Macau Experiences New Growth Pains at the End of a Two Year+ Streak

Published March 8, 2019 by Lee R

Macau Experiences New Growth Pains at the End of a Two Year+ Streak

Macau often slows at this point in the year, but new factors are driving the drops this year.

Macau gambling revenues have dropped, for the first time in two years.

End of the Streak

The Chinese island territory saw gambling revenue drop 5 percent in January, with the waning of the appetite for gambling and slowed economic growth as result of the US trade war blamed for the first drop in more than two years.


The totals for the month came in at 24.9 billion patacas ($3 billion) revenue, versus 26.3 billion patacas for the same period a year ago, according to Macau’s Gaming Inspection and Coordination.

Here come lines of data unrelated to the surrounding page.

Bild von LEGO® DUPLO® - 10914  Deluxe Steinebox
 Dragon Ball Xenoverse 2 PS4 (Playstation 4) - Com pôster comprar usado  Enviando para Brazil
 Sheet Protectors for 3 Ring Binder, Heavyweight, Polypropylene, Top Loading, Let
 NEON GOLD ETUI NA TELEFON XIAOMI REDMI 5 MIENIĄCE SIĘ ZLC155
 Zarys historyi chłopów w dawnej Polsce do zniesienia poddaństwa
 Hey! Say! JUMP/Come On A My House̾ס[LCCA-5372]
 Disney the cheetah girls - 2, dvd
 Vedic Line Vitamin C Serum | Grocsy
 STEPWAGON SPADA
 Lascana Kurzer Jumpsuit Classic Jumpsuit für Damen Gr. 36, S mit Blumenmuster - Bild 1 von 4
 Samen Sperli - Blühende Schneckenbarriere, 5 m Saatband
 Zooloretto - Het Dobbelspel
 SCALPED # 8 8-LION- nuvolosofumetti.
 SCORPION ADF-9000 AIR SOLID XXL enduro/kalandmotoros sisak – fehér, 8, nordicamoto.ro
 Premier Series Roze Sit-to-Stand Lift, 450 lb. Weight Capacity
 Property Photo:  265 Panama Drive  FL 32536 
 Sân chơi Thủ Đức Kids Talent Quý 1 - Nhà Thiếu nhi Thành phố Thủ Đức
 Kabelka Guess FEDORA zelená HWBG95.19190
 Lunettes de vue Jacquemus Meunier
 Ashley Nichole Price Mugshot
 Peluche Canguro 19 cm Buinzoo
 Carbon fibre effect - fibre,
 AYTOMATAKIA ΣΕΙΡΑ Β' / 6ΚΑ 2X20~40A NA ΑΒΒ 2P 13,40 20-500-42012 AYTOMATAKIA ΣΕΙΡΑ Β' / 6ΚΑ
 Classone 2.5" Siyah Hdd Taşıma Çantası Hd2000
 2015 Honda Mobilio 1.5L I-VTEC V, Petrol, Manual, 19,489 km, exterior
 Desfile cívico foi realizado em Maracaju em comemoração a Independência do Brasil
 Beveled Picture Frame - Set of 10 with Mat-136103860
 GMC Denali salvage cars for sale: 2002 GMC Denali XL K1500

Other local factors include a smoking ban that came into effect on Jan. 1 along with “muted sentiment” among VIP players ahead of Chinese New Year holidays in February. Analysts had predicted a 12 percent drop in growth.

Heavy Economic Reliance

Located on China's Southern coast, Macau is well known as the country’s only legal casino hub. Casino taxes accounted for over 80 percent of the jurisdiction's revenue.

The Streak

The last decline in GGR dates back to July of 2016, snapping a 29-month streak of year-on-year GGR growth. Last month in December, GGR had risen a very robust 16.6%, with total GGR for 2018 reaching $37.57 billion, a healthy 14% higher than 2017.

Analysts Predictions

Most analysts still have things turning around, but Macau might have to wait all the way until the second half of 2019 to see the growth, when single digit GGR growth is prognosticated to return.

What happened to VIPs?

The VIP sector has showing flat or receding growth the entire second half of 2018. The drop in demand for VIP junkets and the rise in online sales are conflicting against growth.

Private Operator Struggles

Private operators are slipping in Macau as well. Wynn resorts revealed Q4 profits to be 3.1% down year-on-year, with net income at $814.8 million, 8.4% lower than 2018 with the $584.2 million attributable to the operator representing a 21.8% drop.

More Private Drops

Analysts are predicting the premium segment in Macau which includes Wynn resorts will fall another 10-15% in 2019.


With drops visible and predicted in Macau, the strength of their casino offerings may have to carry the jurisdiction while things balance out, and more promotion of online offerings will likely surface at some point in the balancing period.